When deciding whether to use EMR Add Steps API or the Livy API for running Spark jobs in Amazon EMR, several factors can come into play. Each has its pros and cons and is better suited to certain situations than the other.
EMR Add Steps API:
EMR’s Add Steps API is native to AWS and thus integrates seamlessly with other AWS services. It’s reliable and suitable for running both long-running and short-lived jobs. It’s quite simple to use as it follows the conventional AWS API methods.
- Flexibility of monitoring the job status: AWS EMR provides multiple ways to monitor the job status. You can use the AWS Management Console, AWS CLI, or SDKs. Plus, the Amazon CloudWatch service provides monitoring for your EMR clusters.
- Resource handling: AWS EMR manages the resources well. In case of failure during the execution, the resources are properly released back to the cluster. However, in some cases, manual intervention might be required to free up resources.
- Impact on cluster: EMR Add Steps API is tightly integrated with AWS EMR, hence the impact on the cluster is minimal. It is designed to work well with EMR’s infrastructure.
Livy API:
Livy is an open-source REST service for Apache Spark. It offers interactive Spark sessions that are ideal for data exploration and prototyping with PySpark, SparkR, and SparklyR. Livy also supports submitting Spark jobs for batch processing.

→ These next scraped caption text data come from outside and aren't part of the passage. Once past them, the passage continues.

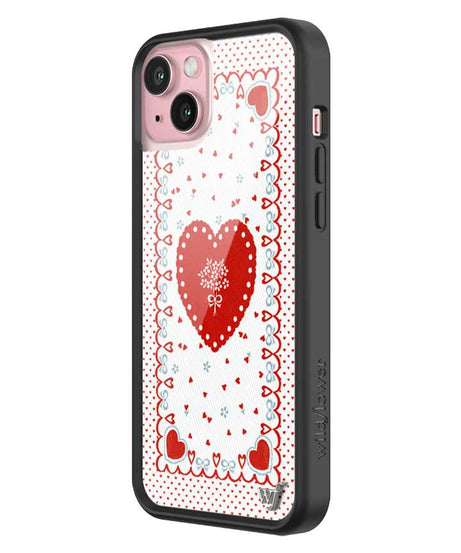 Lovers Lane iPhone Case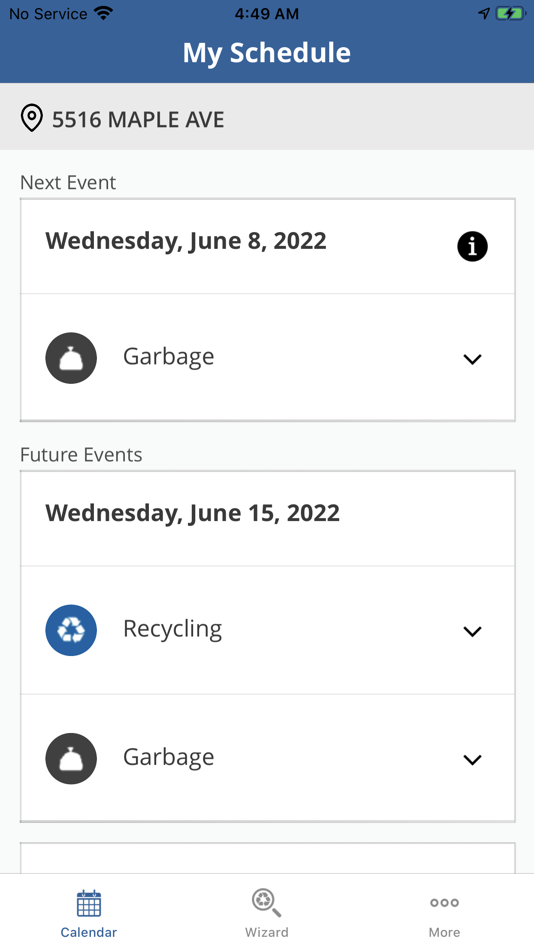 #3. qathet Waste Wise (iOS) Podle: The City Of Powell River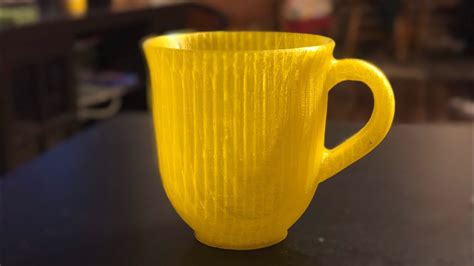 3D Printed Coffee Cup - YouTube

- Flexibility of monitoring the job status: Livy has a RESTful interface that can be used to monitor the job status. But, it’s generally not as flexible as EMR’s monitoring capabilities, unless you integrate it with other tools for more comprehensive tracking.
- Resource handling: In case a Livy job fails during execution, Livy should handle resource release back to the cluster, but it might not always do so as efficiently as EMR. In some scenarios, orphaned SparkContexts can consume resources if not correctly cleaned up.

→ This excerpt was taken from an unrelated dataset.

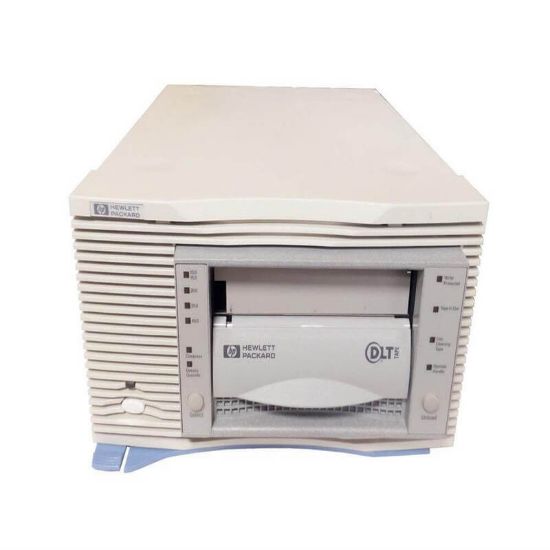 Picture of C6379A HP Sure Store DLT8000 40/80GB DLT Fast Wide SCSI HVD Desktop External Tape Drive | Refurbished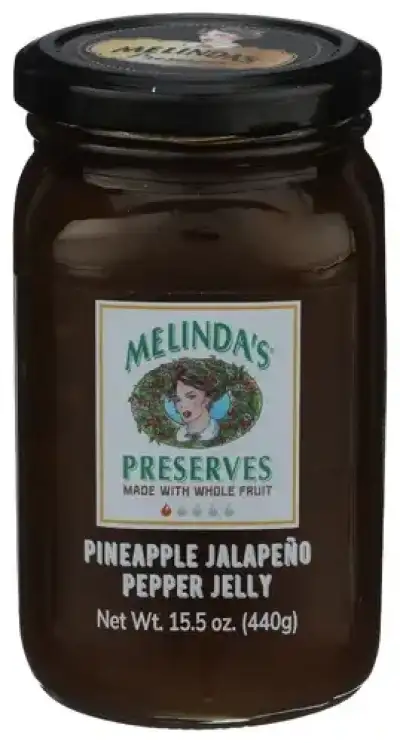 Melindas Preserve Pineapple  Jalp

- Impact on cluster: Livy API can have a larger impact on the cluster, especially in cases where long-lived Livy sessions are maintained. This can lead to resource contention if not managed well. Livy also adds a layer of complexity as it’s another component to maintain and troubleshoot in your EMR cluster.

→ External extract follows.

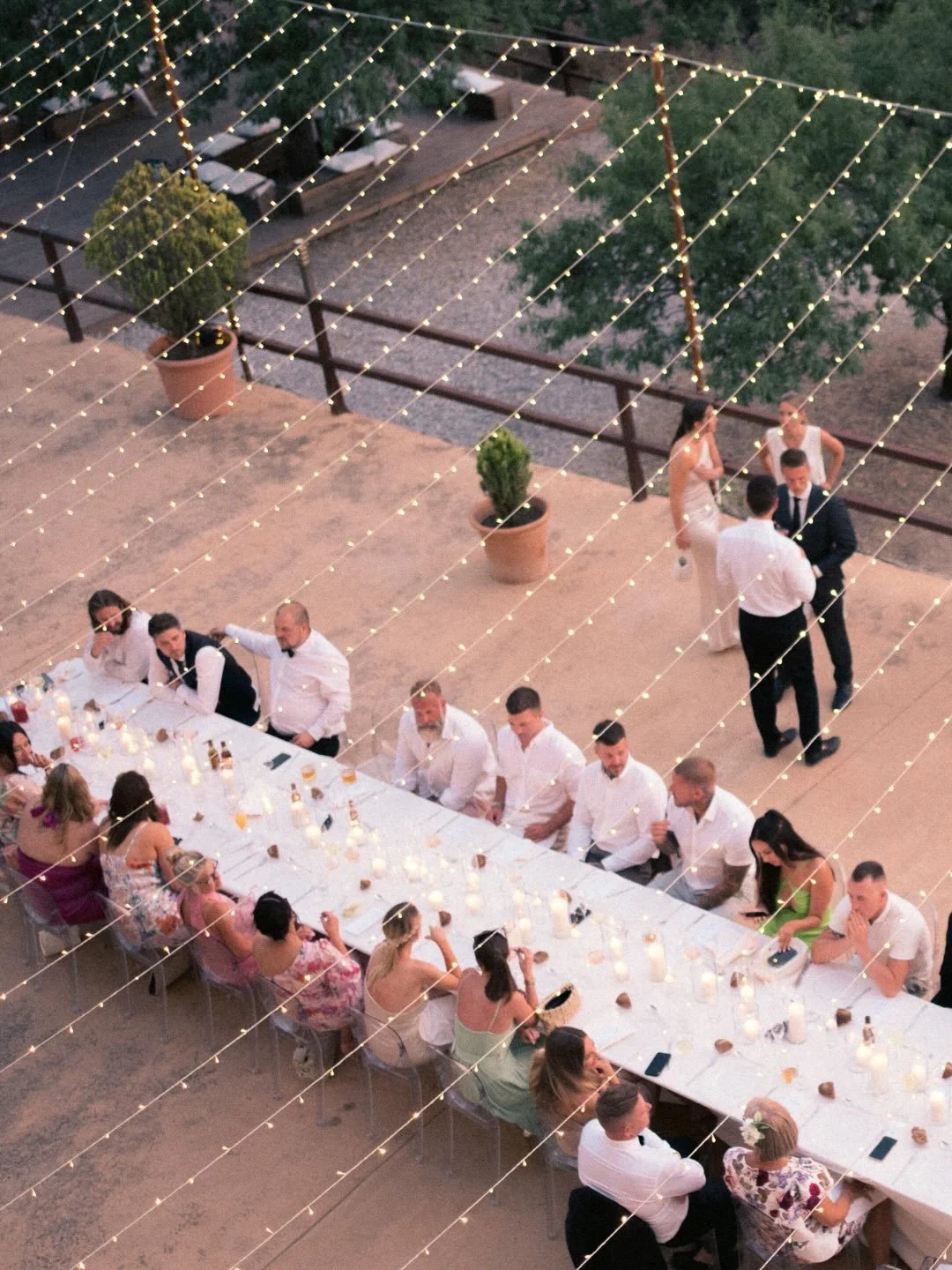 I&rsquo;ll never get tired of watching a wedding table go from sunlight to candlelight. Son Marroig never disappoints. ✨ 

#SonMarroig #MallorcaWedding #MallorcaWeddingPhotographer #DestinationWeddingPhotographer
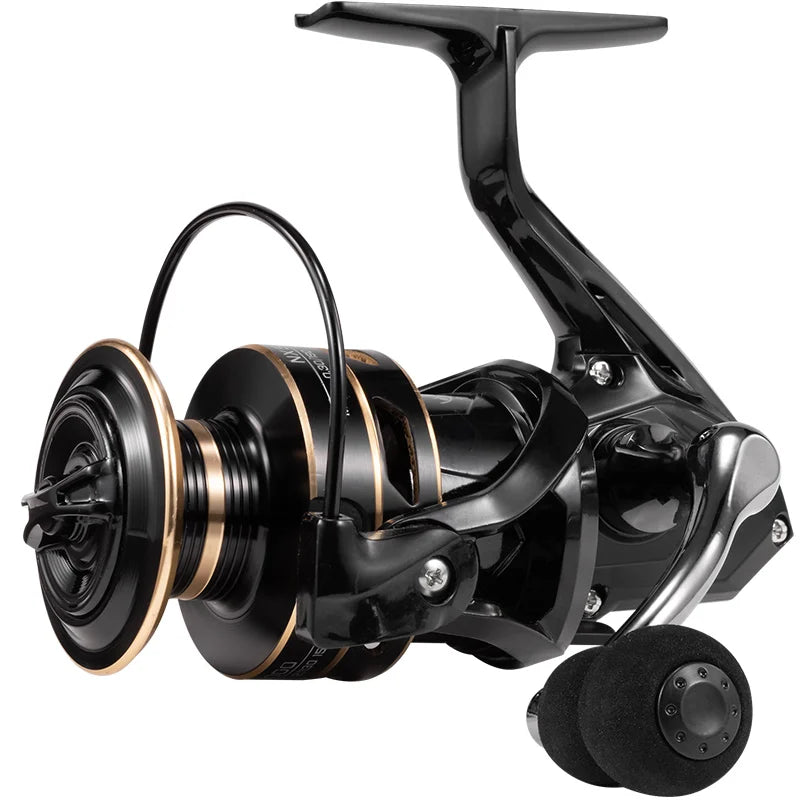 High-Speed Metal Spinning Reel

In the end, the choice between EMR Add Steps API and Livy API depends on your specific use-case. If you are heavily invested in the AWS ecosystem and require reliable and efficient execution of both short and long-running jobs, EMR Add Steps API might be a better choice. However, if your work involves a lot of interactive Spark sessions and you need a RESTful interface to interact with Spark, Livy would be more suitable. Always consider the trade-off between complexity and flexibility. Make sure to thoroughly test and evaluate each method to determine which one better meets your requirements.